Soudain, Raphaël leva légèrement la main pour demander au cocher d’arrêter.
« Nous avons encore un peu de temps avant de rentrer, » dit-il en se tournant vers Alice. « Je voudrais te montrer quelque chose. Et cela permettra aussi à Étoile de se dégourdir les pattes. »
Intriguée, Alice échangea un regard curieux avec Camille et Mme Lemoine, qui sourirent doucement.
« Va, chérie, » lança Mme Lemoine. « Nous ne sommes pas pressées. »
Raphaël aida Alice à descendre, suivi de Camille et de leur mère. Ils avancèrent ensemble sur un petit sentier qui s’ouvrait sur un lac scintillant. Le soleil couchant projetait des reflets dorés sur l’eau, et le rivage était entouré de fleurs sauvages d’un éclat saisissant. Quelques cygnes glissaient paisiblement à la surface, ajoutant une touche de grâce à ce tableau presque irréel.
Alice resta figée, émerveillée.
« C’est… c’est magnifique, » murmura-t-elle, incapable de détourner les yeux.
Raphaël sourit en silence, satisfait de sa réaction.
« Je viens ici souvent quand j’ai besoin de réfléchir, » expliqua-t-il doucement. « Mais je pensais que tu apprécierais cet endroit autant que moi. »
Étoile, quant à elle, trottinait joyeusement le long du rivage, s’arrêtant de temps en temps pour renifler les fleurs.
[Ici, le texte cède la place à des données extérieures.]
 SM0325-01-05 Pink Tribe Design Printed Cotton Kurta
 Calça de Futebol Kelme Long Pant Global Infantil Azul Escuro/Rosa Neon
Camille et Mme Lemoine, en retrait, les observaient avec une certaine tendresse.
« Il a bien fait de l’amener ici, » chuchota Camille à sa mère. « C’est un endroit parfait pour apaiser l’esprit. »
« Oui, » répondit Mme Lemoine avec un sourire. « Je crois que Raphaël commence à comprendre combien Alice est spéciale. »
Pendant ce temps, Alice s’agenouilla près de l’eau, regardant les cygnes de plus près. Raphaël s’accroupit à côté d’elle, leur proximité légère mais naturelle.
« Merci, Raphaël, » dit-elle finalement. « Pour tout. Pas seulement pour cet endroit, mais… pour tout ce que tu fais pour moi. »
Il croisa son regard, sérieux mais doux.
« Tu n’as pas à me remercier, Alice. Tu mérites bien plus que ce que je pourrais jamais offrir. »
Un silence chargé de sens s’installa entre eux, brisé seulement par le doux clapotis de l’eau et les murmures du vent dans les fleurs. Ce moment fugace semblait suspendu dans le temps, gravé dans la mémoire d’Alice comme un précieux souvenir.